5Dynamius was appointed to investigate these charges on behalf of the emperor; and while he was artfully weaving these and similar plans, he contrived to enter alone into the imperial chamber, choosing his opportunity, and hoping to entangle firmly in his meshes the most vigilant guardian of the emperor’s safety. And being full of wicked cunning, after he had read the forged packet of letters in the council chamber, the tribunes were ordered to be committed to custody, and also several private individuals were commanded to be arrested and brought up from the provinces, whose names were mentioned in those letters.

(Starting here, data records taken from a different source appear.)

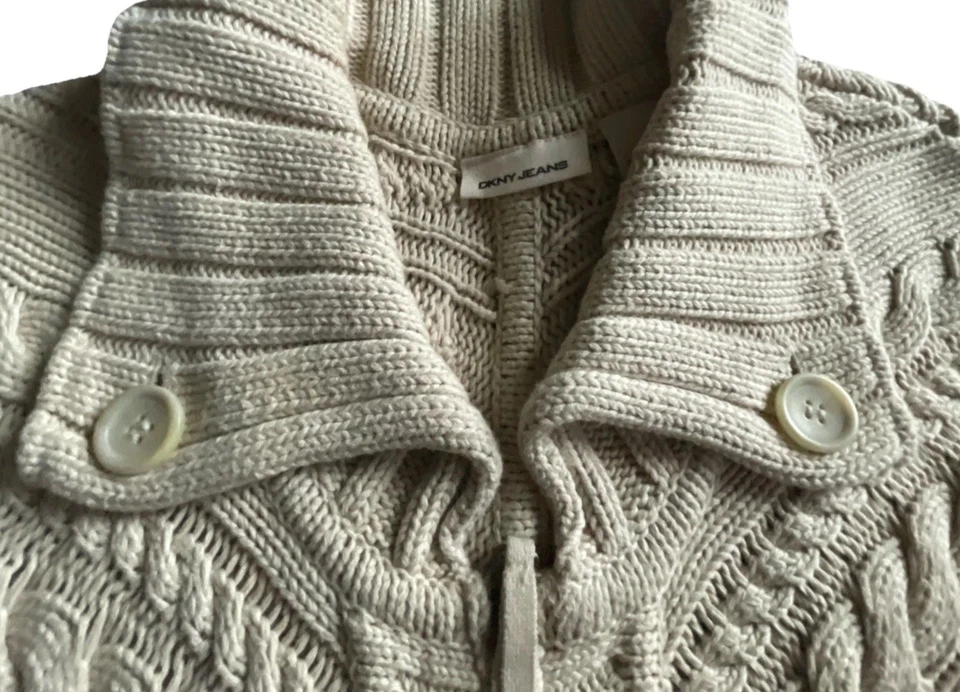 Suéter DKNY Jeans Crema Tejido con Cable Manga Corta Cremallera Completa Cuello Para Mujer’s M Foto 2 de 4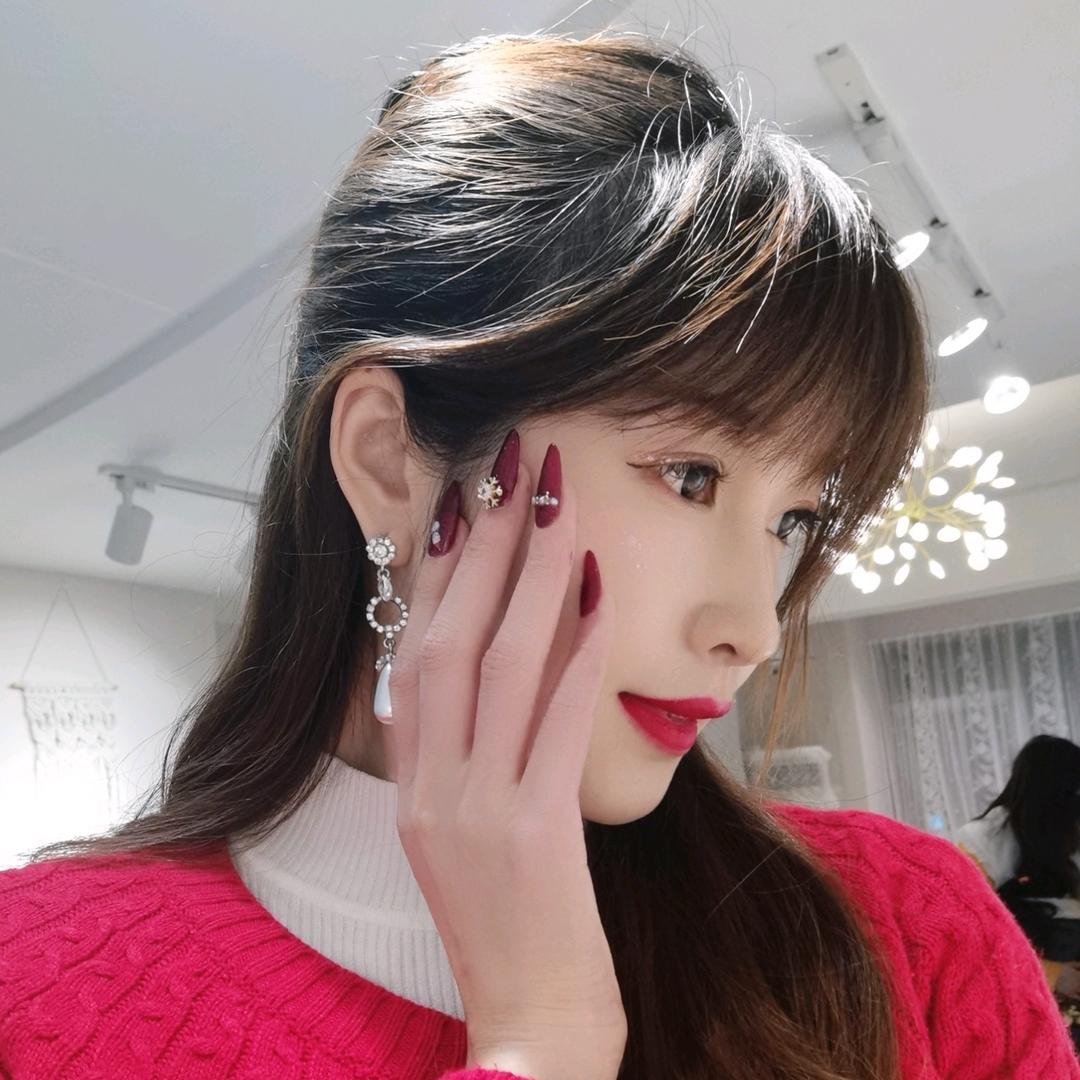 长腿姐姐喀秋莎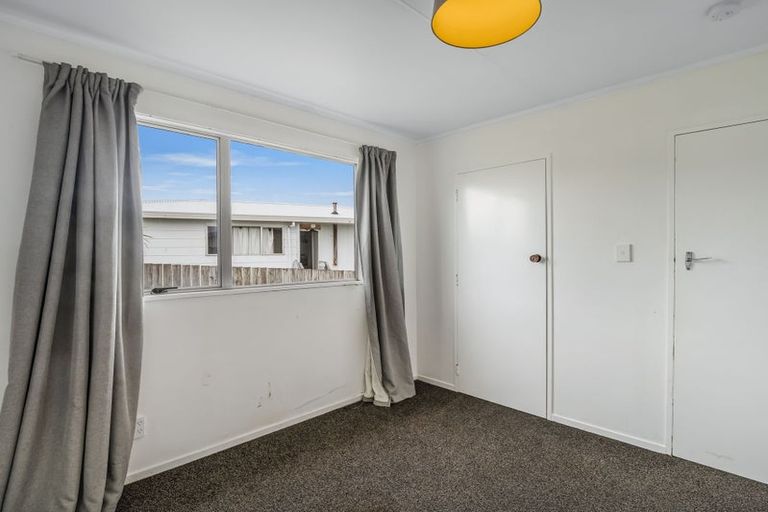 Photo of property in 10 Tainui Street, Castlecliff, Whanganui, 4501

6But presently Malarichus, the commander of the Gentiles, being struck with the iniquity of the business, and taking his colleagues to his counsel, spoke out loudly that men devoted to the preservation of the emperor ought not to be circumvented by factions and treachery. He accordingly demanded that he himself, his nearest relations being left as hostages, and Mallobaudes, the tribune of the heavy-armed soldiers, giving bail that he would return, might be commissioned to go with speed to bring back Silvanus, who he was certain had never entertained the idea of any such attempt as these bitter plotters had imputed to him. Or, as an alternative, he entreated that he might become security for Mallobaudes, and that their officers might be permitted to go and do what he had proposed to take upon himself.

7For he affirmed that he knew beyond all question that, if any stranger were sent, Silvanus, who was inclined to be somewhat apprehensive of danger, even when no circumstances were really calculated to alarm him, would very likely throw matters into confusion.

8But, although the advice which he gave was useful and necessary, he spoke as to the winds, to no purpose. For by the counsels of Arbetio, Apodemius, who was a persevering and bitter enemy to all good men, was sent with letters to summon Silvanus to the presence. When he had arrived in Gaul, taking no heed of the commission with which he was charged, and caring but little for anything that might happen, he remained inactive, without either seeing Silvanus, or delivering the letters which commanded him to appear at court. And having taken the receiver of the province into his counsels, he began with arrogance and malevolence to harass the clients and servants of the master of the horse, as if that officer had been already condemned and was on the point of being executed.

9In the mean time, while the arrival of Silvanus was looked for, and while Apodemius was throwing everything, though quiet before, into commotion, Dynamius, that he might by still more convincing proofs establish belief in his wicked plots, had sent other forged letters (agreeing with the previous ones which he had brought under the emperor’s notice by the agency of the prefect) to the tribune of the factory at Cremona: these were written in the names of Silvanus and Malarichus, in which the tribune, as one privy to their secrets, was warned to lose no time in having everything in readiness.

10But when this tribune had read the whole of the letters, he was for some time in doubt and perplexity as to what they could mean (for he did not recollect that those persons whose letters he had thus received had ever spoken with him upon private transactions of any kind); and accordingly he sent the letters themselves, by the courier who had brought them, to Malarichus, sending a soldier also with him; and entreated Malarichus to explain in intelligible language what he wanted, and not to use such obscure terms. For he declared that he, being but a plain and somewhat rude man, had not in the least understood what was intimated so obscurely.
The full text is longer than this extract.